# Data to examine
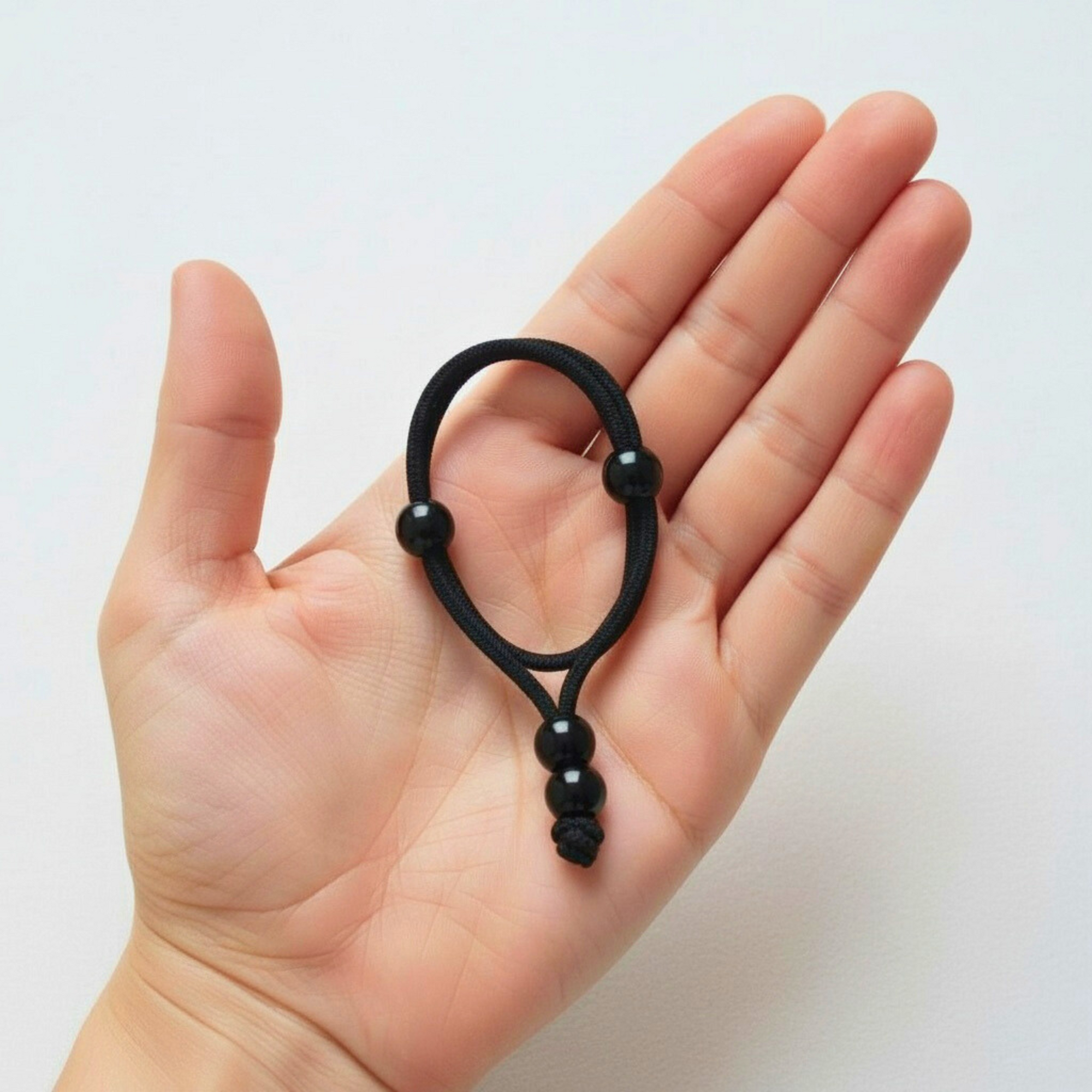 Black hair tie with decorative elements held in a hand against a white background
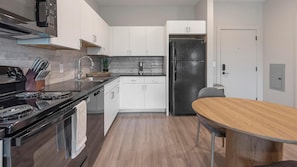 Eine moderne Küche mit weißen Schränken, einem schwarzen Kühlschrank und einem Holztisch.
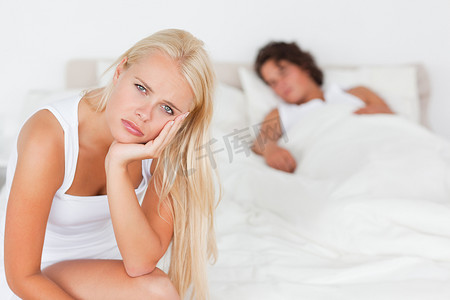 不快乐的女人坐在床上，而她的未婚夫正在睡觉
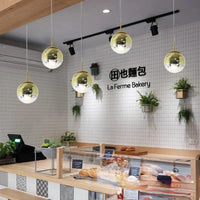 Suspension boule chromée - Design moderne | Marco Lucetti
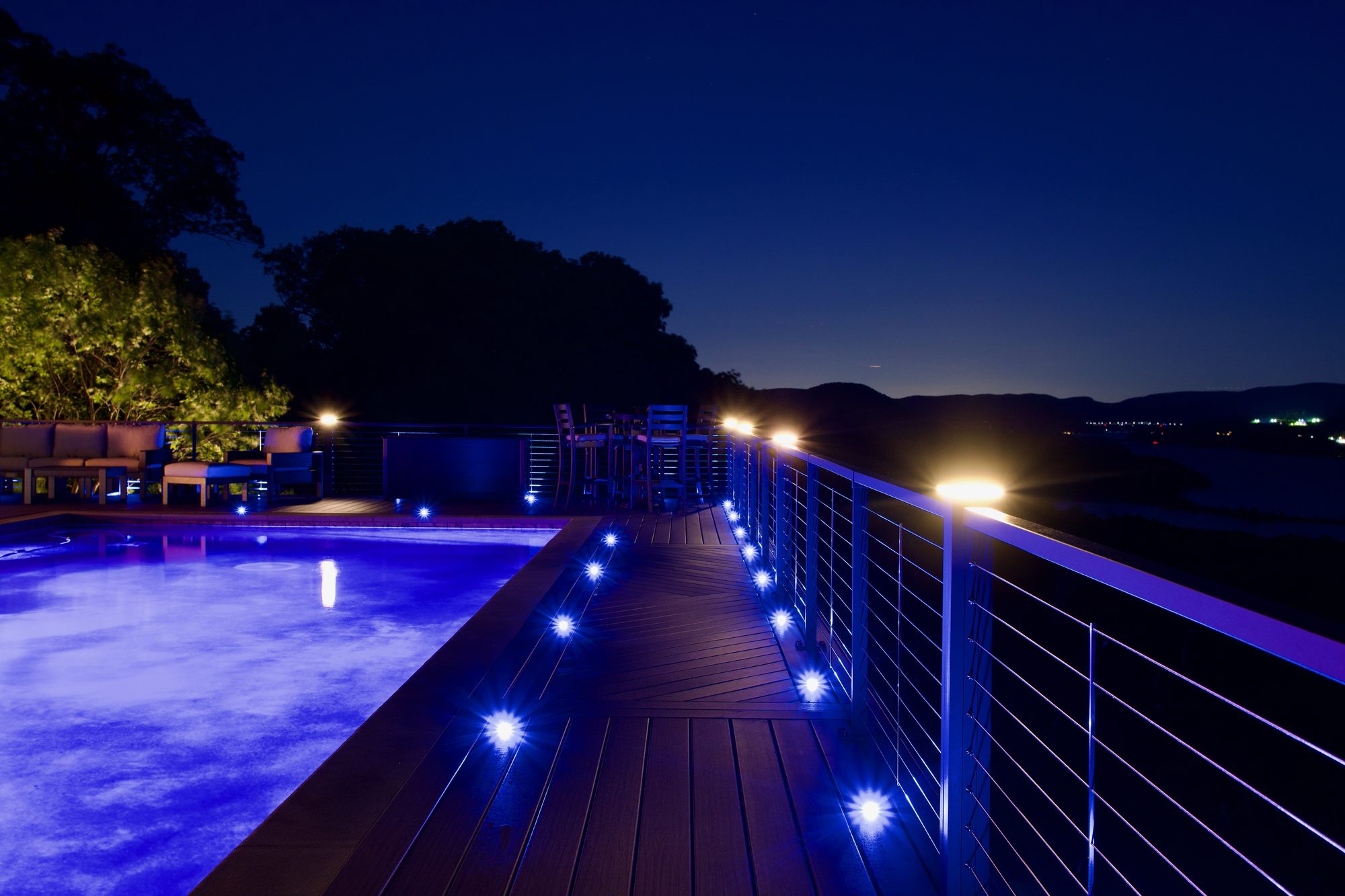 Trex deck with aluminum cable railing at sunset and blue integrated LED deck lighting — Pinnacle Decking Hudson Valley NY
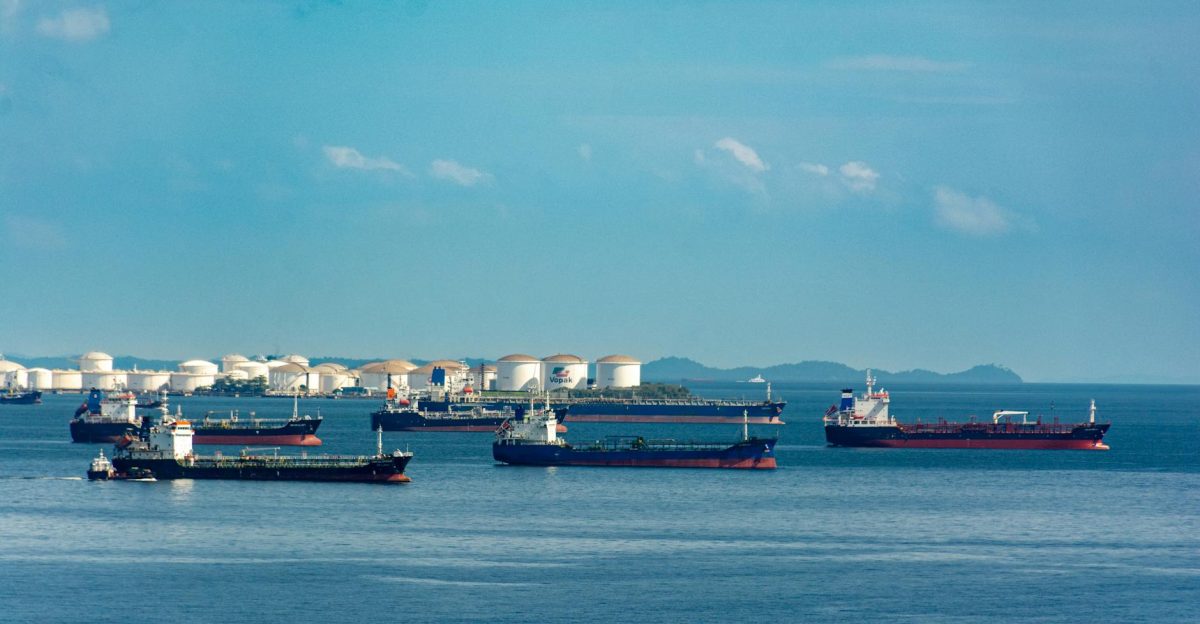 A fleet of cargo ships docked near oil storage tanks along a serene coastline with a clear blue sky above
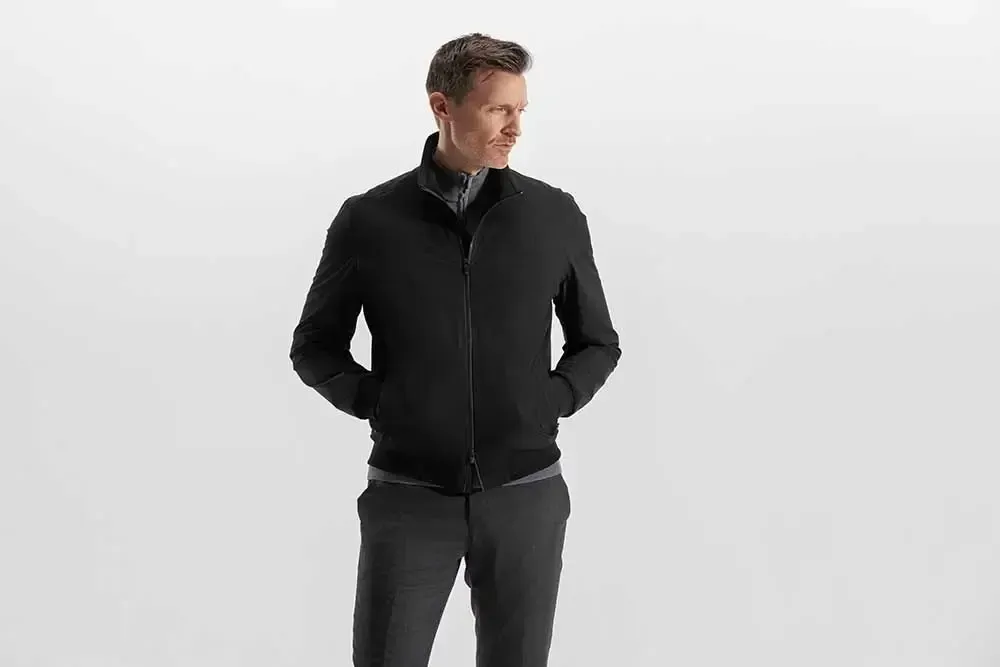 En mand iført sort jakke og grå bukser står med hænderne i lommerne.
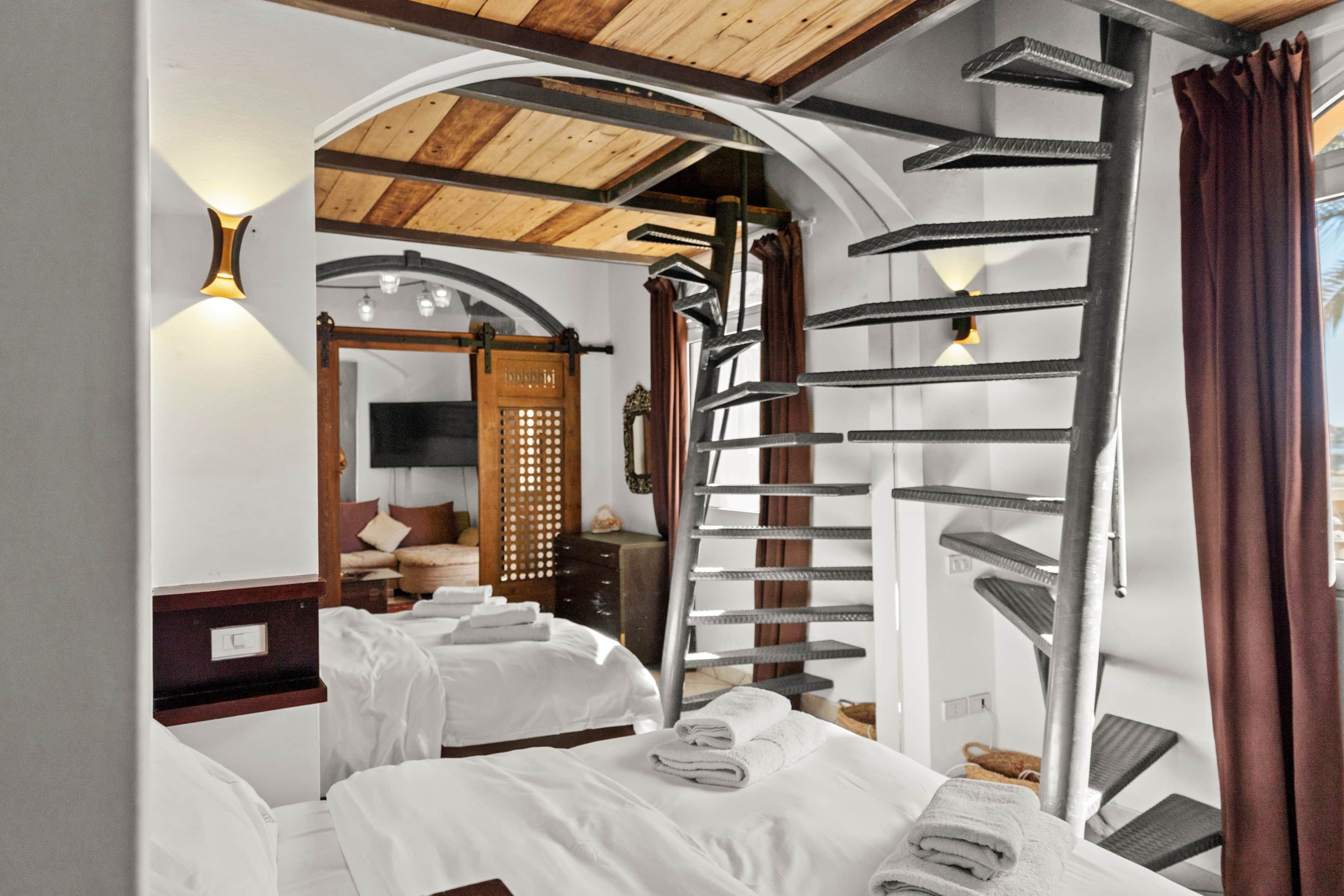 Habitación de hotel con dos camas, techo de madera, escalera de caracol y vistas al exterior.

# Task to complete
Write the entries out again exactly as they appear, with the pictures omitted.

# Final answer
 Black hair tie with decorative elements held in a hand against a white background
 Eine moderne Küche mit weißen Schränken, einem schwarzen Kühlschrank und einem Holztisch.
 不快乐的女人坐在床上，而她的未婚夫正在睡觉
 Suspension boule chromée - Design moderne | Marco Lucetti
 Trex deck with aluminum cable railing at sunset and blue integrated LED deck lighting — Pinnacle Decking Hudson Valley NY
 A fleet of cargo ships docked near oil storage tanks along a serene coastline with a clear blue sky above
 En mand iført sort jakke og grå bukser står med hænderne i lommerne.
 Habitación de hotel con dos camas, techo de madera, escalera de caracol y vistas al exterior.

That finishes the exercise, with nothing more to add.